[T-SQL] Getting distinct, current entries from tables with timestamp / datetime fields

It's relatively easy to store data with a time dimension, but querying it is another matter. If you select from a temporal tables (one which includes historical information indicated by a timestamp or datetime column) based on your ID, you'll get a lot of duplicate records; only one or a few of those records will be applicable to a given time or timespan.

For example, the following query (from the AdventureWorks sample database) returns 746 records:

 

SELECT ActualCost FROM Production.TransactionHistory WHERE ProductID = 784

 

A table with History in the name is expected to work that way, but I've run into plenty of tables which allow for duplicates of every column but the primary key, differentiated by a datetime column.
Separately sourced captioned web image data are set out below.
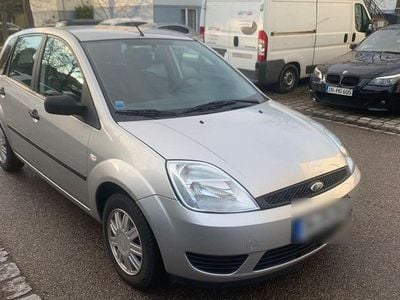 Gebraucht Ford Fiesta 80 PS (58 kW) 2005 Silber Kleinwagen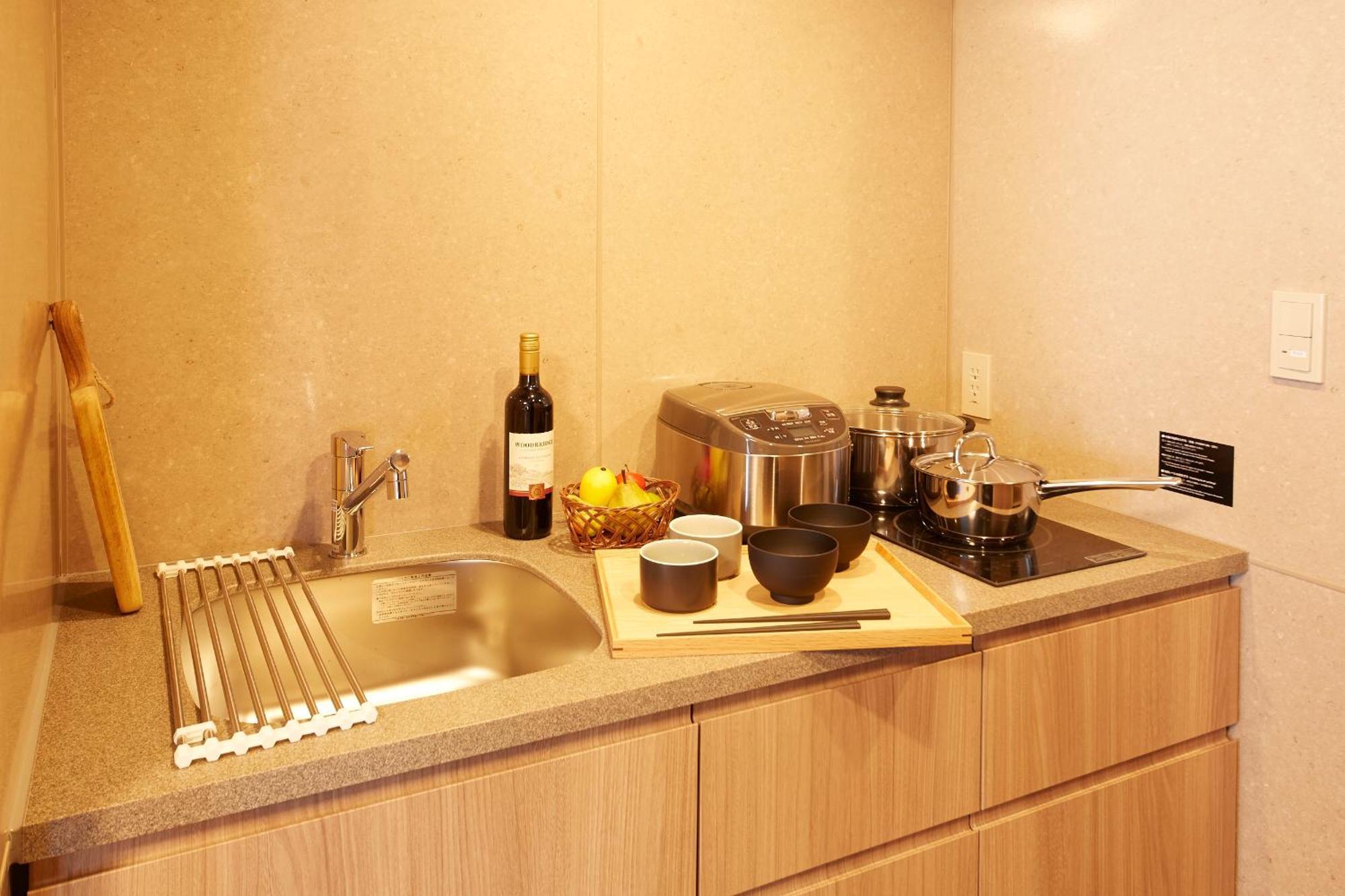 Deluxe Japanese Room Washing Machine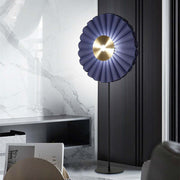 Mira Moderna Geométrica Metal LED Lámpara de Pie Blanco/Azul — imagen 7 | Aura Lighting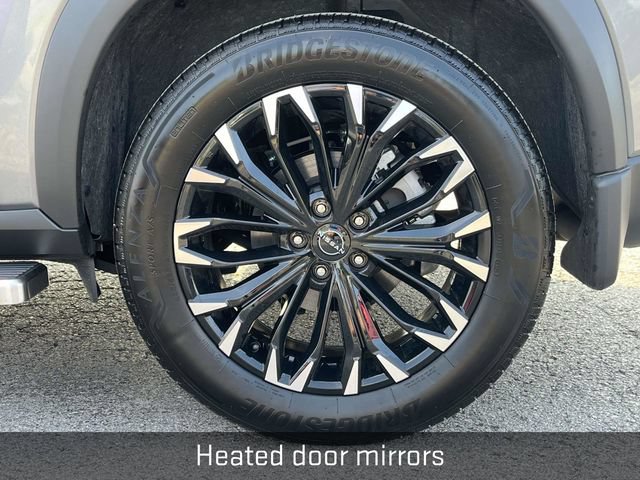 Used 2026 Nissan Rogue Dark Armor FWD image 11
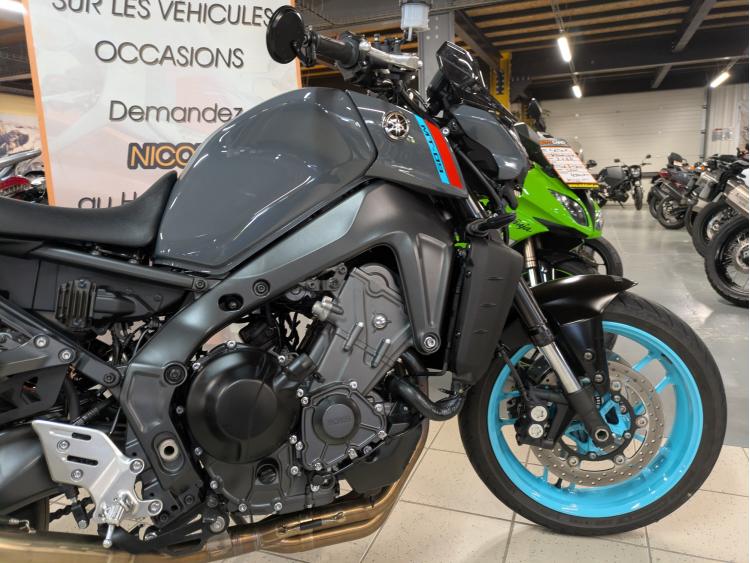 YAMAHA MT-09
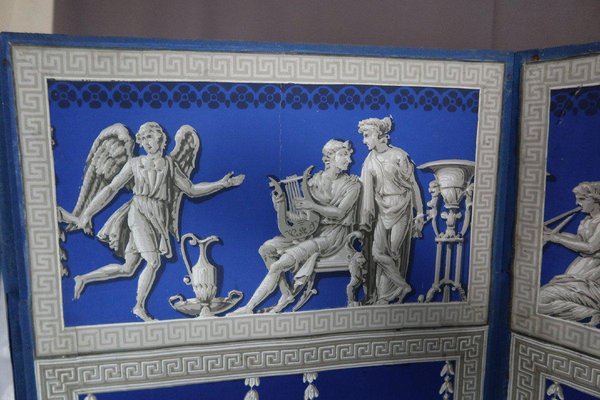 Grisaille Screen with Blue Background-WSV-1328456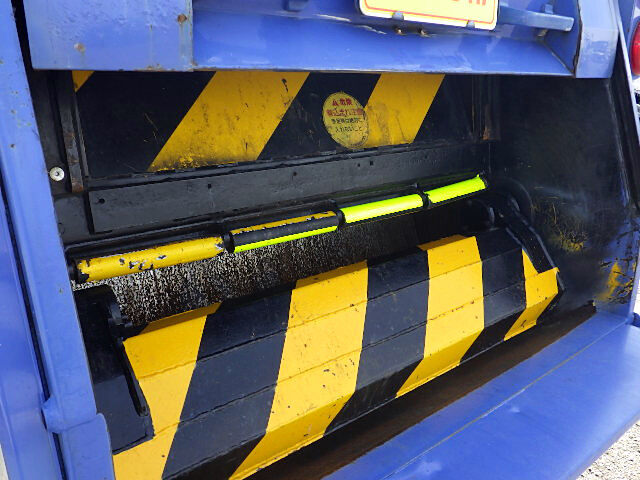 日野 デュトロ 小型 パッカー車 巻き込み式 回転ダンプ式｜画像4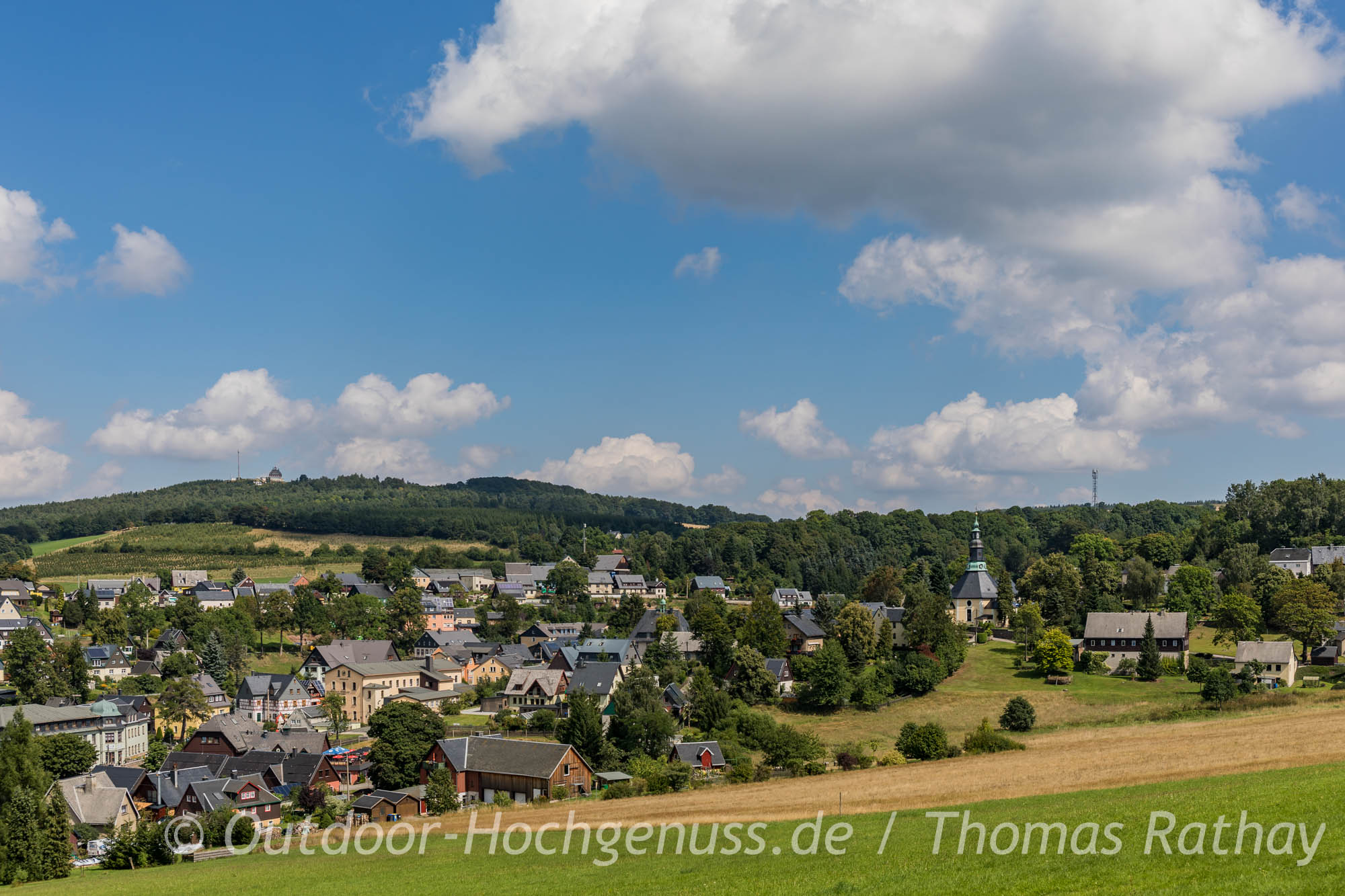 Wanderung auf dem Kammweg im Erzgebirge Wanderung auf dem Kammweg im Erzgebirge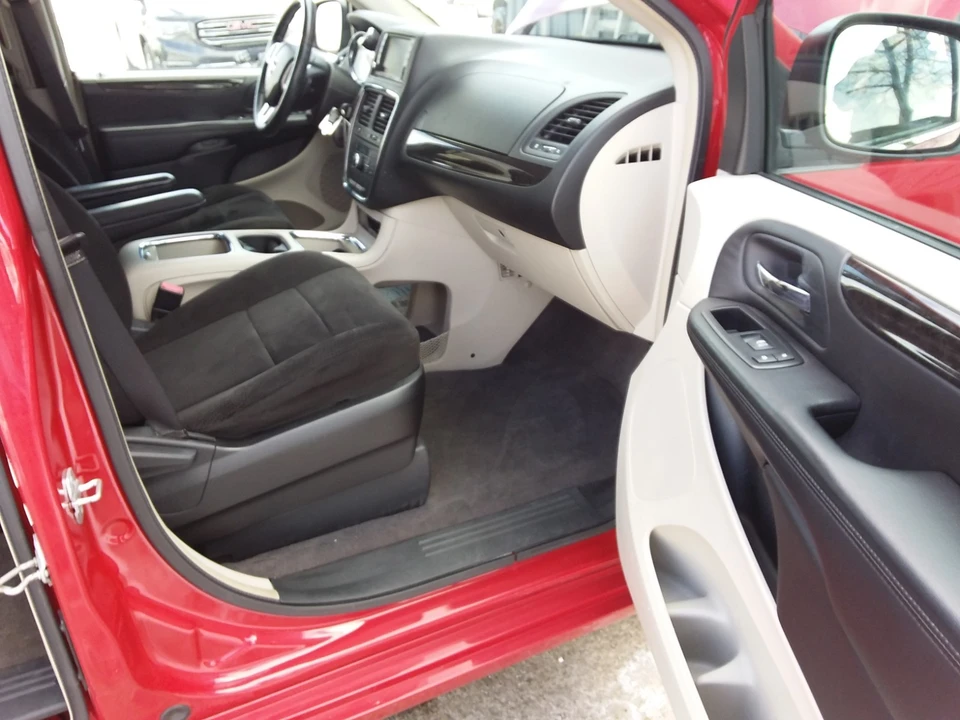 2013 Dodge Caravan - Image 20 of 21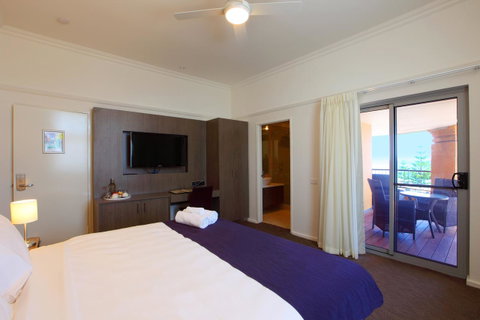 Cottesloe Beach Hotel - Accommodation Nelson Bay 8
I'm starting to use these more now, partly due to project requirements, and partly because SubSonic has built-in support for CreatedOn and ModifiedOn columns.

In the past, I've used stacked views or nested subqueries to handle this madness. It's a pain in the neck, and often leads to frustrations with the GROUP BY clause since queries with an aggregate term can't include a column in a resultset that's not in the GROUP BY clause (but adding those columns to the GROUP BY clause isn't the right solution, as it alters the rows you're returning).

The general idea is to write a query which gets the latest update date for a unique ID combination, then join against it. It works, but it's a pain in the neck, and it's error prone. Fortunately, SQL Server 2005's RANK / PARTITION features make this a lot easier.

Let's talk specifics - a query against the AdventureWorks Production.TransactionHistory table which returns the latest record Product Name and Number by Transaction Date. There are 113K rows in that table, but if we only want the latest entry for each Product we're down to 490 rows.

Unlike the traditional GROUP BY based clause, the RANK / POSITION based queries are a bit more intuitive once you've got the hang of them. The important thing is to use PARTITION in the same way you'd think of a GROUP BY - the column(s) you want unique should show up in the PARTITION clause.

One limitation on RANK queries is that you can't use the RANK value directly in a where clause. That's easy to work around by placing the RANK value in a subquery and the WHERE clause filtering on the RANK in the outer query.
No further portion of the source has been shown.